Ленин придвинул свой стул поближе ко мне. Я подумал, что он хочет разобраться со всеми идеями, так, чтобы ни одна из них не пропала здесь, сейчас. Однако он хотел выяснить, какие мысли есть у меня. У него была манера устремлять на собеседника свои вопрошающие, пытливые, почти ироничные и в то же время проницательные, проникающие насквозь татарские глаза, и, задавая вопросы, он выкачивал факты у собеседника. Как однажды сказал Боб Майнор, Ленин «заставлял другого человека трепать языком, в то время как сам навострял уши». (В то время анархист Майнор вел себя враждебно и попытался припереть к стенке Ленина в одном из интервью. Однако это оказалось первым поражением Боба, который ему нанес коммунизм, вскоре ему пришлось отложить в сторону кисть и уголь и отдать все свое время изучению политики коммунистической партии. Таким образом страна потеряла одного из своих лучших художников-мультипликаторов.)
Другие корреспонденты, с кем я сравнивал свои записки, имели столь же печальный опыт. Мы могли быть репортерами, но Ленин был главным репортером и всегда одерживал верх.
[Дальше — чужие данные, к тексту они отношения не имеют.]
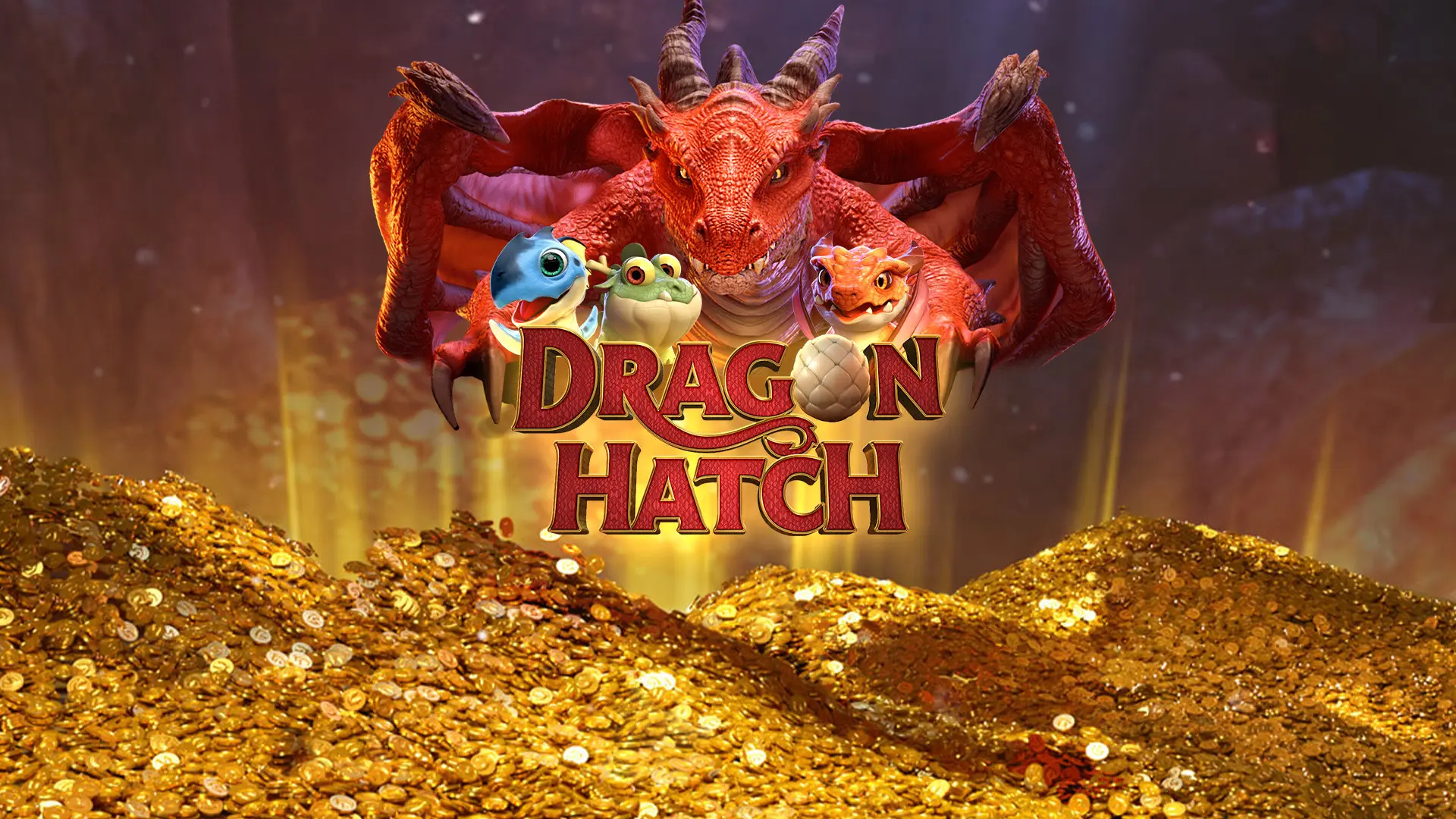 Dragon Hatch สล็อต
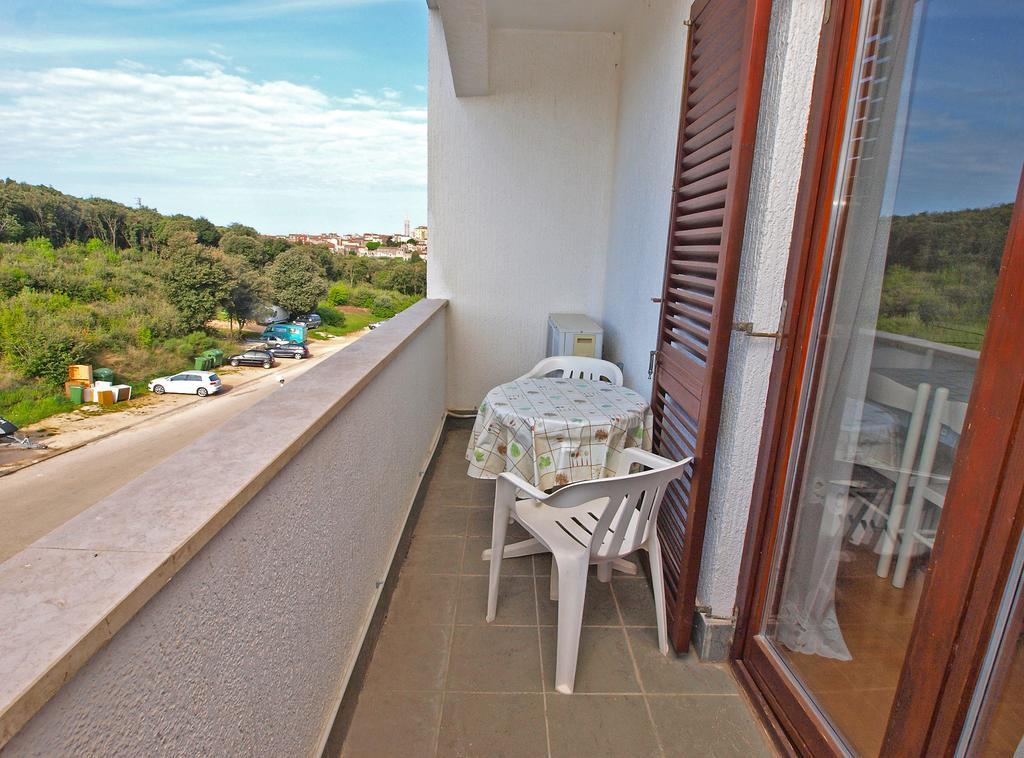 Apartments Dubravka 1315 Vrsar Εξωτερικό φωτογραφία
И таким образом оказалось, что меня расспрашивают об американских инженерах и ученых («Они нужны нам тысячами»). Казалось, я говорил Ленину больше, чем сам знал об инженерах и ученых, – эти факты я собрал и забыл, но теперь он вытянул их у меня из подсознания (тогда это слово еще не было в моде). И потом, не задавая мне больше вопросов, он придвинув стул еще ближе ко мне, отчего мне отчаянно захотелось разделить с ним его энтузиазм.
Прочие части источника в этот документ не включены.